— Short text fragments from websites —
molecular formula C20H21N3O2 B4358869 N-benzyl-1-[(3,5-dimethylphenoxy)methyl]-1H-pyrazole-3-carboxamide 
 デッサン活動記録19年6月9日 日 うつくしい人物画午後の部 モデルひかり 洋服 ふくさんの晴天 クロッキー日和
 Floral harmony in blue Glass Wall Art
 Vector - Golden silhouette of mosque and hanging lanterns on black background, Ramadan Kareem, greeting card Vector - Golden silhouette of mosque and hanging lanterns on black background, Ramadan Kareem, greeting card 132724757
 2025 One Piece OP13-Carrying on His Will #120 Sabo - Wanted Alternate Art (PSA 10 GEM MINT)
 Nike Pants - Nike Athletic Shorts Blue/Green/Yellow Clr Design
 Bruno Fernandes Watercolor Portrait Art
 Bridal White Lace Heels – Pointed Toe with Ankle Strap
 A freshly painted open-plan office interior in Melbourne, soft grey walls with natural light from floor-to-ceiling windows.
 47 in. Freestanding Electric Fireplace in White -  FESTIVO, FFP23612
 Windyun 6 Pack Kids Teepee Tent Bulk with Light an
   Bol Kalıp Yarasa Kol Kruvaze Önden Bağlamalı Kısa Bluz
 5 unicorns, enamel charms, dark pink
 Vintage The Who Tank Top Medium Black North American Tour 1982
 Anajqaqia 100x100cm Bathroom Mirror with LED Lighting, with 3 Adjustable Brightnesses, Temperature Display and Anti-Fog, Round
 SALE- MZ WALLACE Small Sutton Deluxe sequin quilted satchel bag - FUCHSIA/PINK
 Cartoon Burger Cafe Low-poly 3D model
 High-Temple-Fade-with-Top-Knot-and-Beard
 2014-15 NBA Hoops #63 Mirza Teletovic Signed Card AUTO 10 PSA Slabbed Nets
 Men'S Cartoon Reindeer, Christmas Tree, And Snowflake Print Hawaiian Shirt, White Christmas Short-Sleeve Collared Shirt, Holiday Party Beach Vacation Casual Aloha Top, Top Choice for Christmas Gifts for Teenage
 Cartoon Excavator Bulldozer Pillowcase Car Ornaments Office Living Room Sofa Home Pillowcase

— Brief —
When the line containing "Bridal White Lace" is reached, include it and stop. Until then, output each line of the entries exactly as given, starting from the first.

— Answer box —
molecular formula C20H21N3O2 B4358869 N-benzyl-1-[(3,5-dimethylphenoxy)methyl]-1H-pyrazole-3-carboxamide 
 デッサン活動記録19年6月9日 日 うつくしい人物画午後の部 モデルひかり 洋服 ふくさんの晴天 クロッキー日和
 Floral harmony in blue Glass Wall Art
 Vector - Golden silhouette of mosque and hanging lanterns on black background, Ramadan Kareem, greeting card Vector - Golden silhouette of mosque and hanging lanterns on black background, Ramadan Kareem, greeting card 132724757
 2025 One Piece OP13-Carrying on His Will #120 Sabo - Wanted Alternate Art (PSA 10 GEM MINT)
 Nike Pants - Nike Athletic Shorts Blue/Green/Yellow Clr Design
 Bruno Fernandes Watercolor Portrait Art
 Bridal White Lace Heels – Pointed Toe with Ankle Strap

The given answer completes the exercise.